呼吸法といえば、お腹を膨らませる「腹式呼吸」が有名ですが、ピラティスではこれとは反対の胸式呼吸を用います。
1-2慣れていないと難しい
といっても、胸式呼吸は慣れていないと難しいもの。たとえばリラックスして横になり、自然に呼吸をするとどうしてもお腹が膨らむ腹式呼吸になりがちです。
また、胸式呼吸というと、呼吸が浅くなる、肺にしっかりと空気が吸い込めない、肩に力が入るといった悪いイメージを持っている方も多いはず。
そのため、意識して胸式呼吸をする機会は意外に少なくなり、結果としてどうしても慣れないうちはスムーズに呼吸を行うことが難しくなります。
1-3呼吸はピラティスの基本のひとつ
このように、最初はなかなか難しい胸式呼吸。実際にピラティスのエクササイズに挑戦している方の中でも、胸式呼吸が難しいと感じる方は少なくありません。
ピラティスのエクササイズでは、この胸式呼吸を行いながら、様々なポーズを行っていくため、さらに身体の使い方が複雑になります。
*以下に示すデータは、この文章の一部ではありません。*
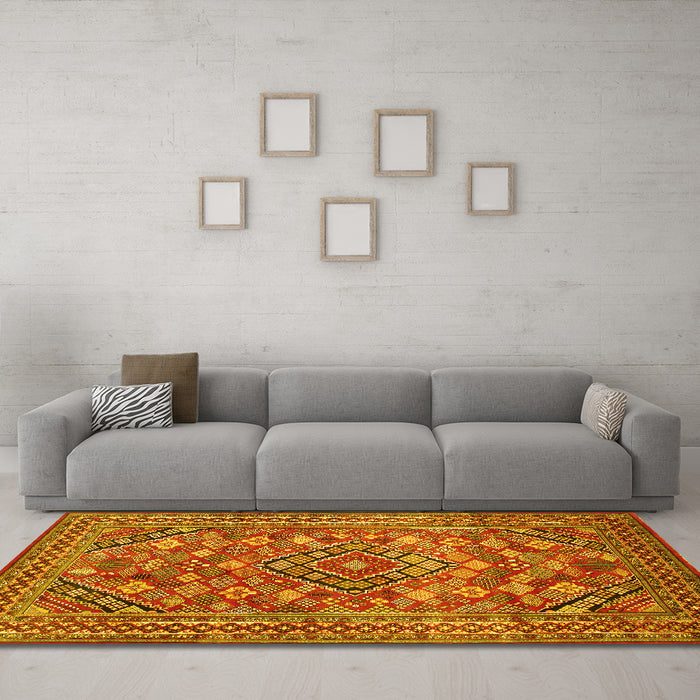 Machine Washable Persian Yellow Traditional Rug in a Living Room, wshtr74yw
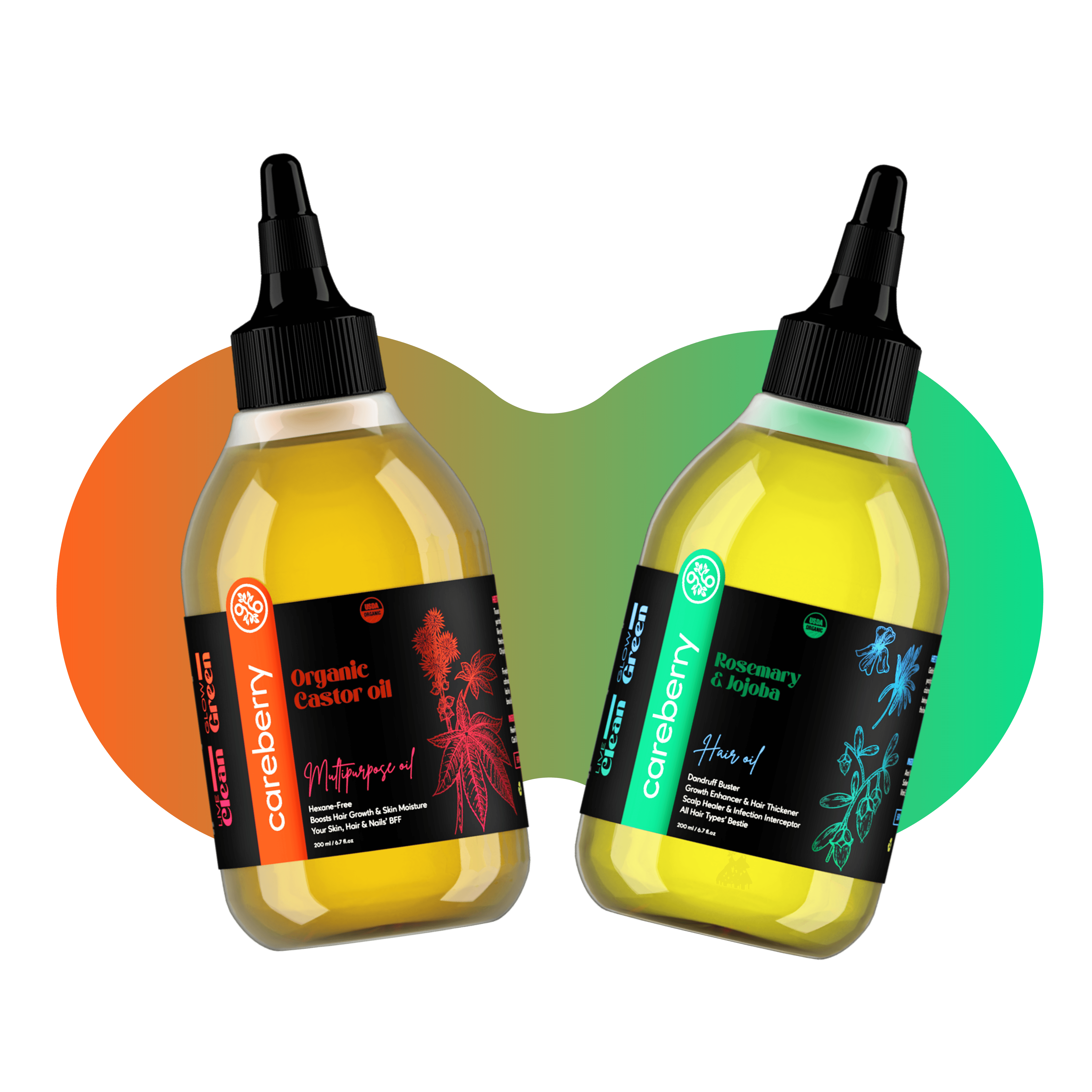 Organic Hair Growth Combo: Rosemary & Jojoba Hair Oil + Organic Castor Oil (200ml Each)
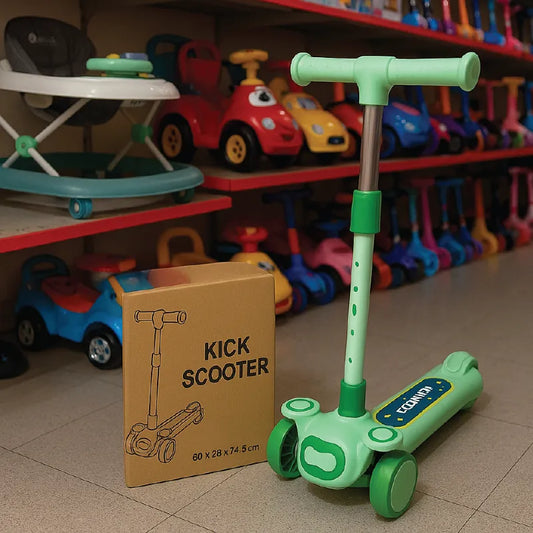 Adjustable Green Kick Scooter for Kids  3-Wheel Fun Ride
また、動きだけに集中すると呼吸が腹式呼吸になったり、呼吸に集中するとどうしても動きがおろそかになったりということも起きてしまいます。
しかし、実は呼吸法はピラティスでは非常に重要と考えられているもの。
そのため、まずピラティスを行うときには、この独特の呼吸法をマスターすることが最初のステップとなります。
02ヨガの呼吸法との違い
2-1ピラティス=胸式呼吸
すでに説明した通り、ピラティスでは胸式で呼吸を行います。
これはピラティスの目的とも深いつながりがあります。
ピラティスで重視しているのは、身体の体幹やインナーマッスルを鍛えて、姿勢改善をサポートすること。
そのときに必要なのが交感神経です。
交感神経は身体が活動的な状態になっているときに働く自律神経で、交感神経が優位になっているときには頭が冴えて、身体には緊張感がもたらされ、心身ともに活動的な状態になります。
また、筋肉を鍛えるときに働くのも交感神経。
つまり、体幹やインナーマッスルを鍛えるときには、交感神経が優位になっているのが望ましいともいえますが、ピラティスの呼吸法は胸を膨らませるだけでなく、その周囲の筋肉に刺激を与えるため交感神経が活性化、結果として、筋肉を鍛え、姿勢の改善に最適な環境を作り出します。
2-2ヨガ=腹式呼吸
一方、ヨガで行われるのは腹式呼吸。腹式呼吸は胸式呼吸とは逆に、副交感神経を刺激してリラックス効果をもたらします。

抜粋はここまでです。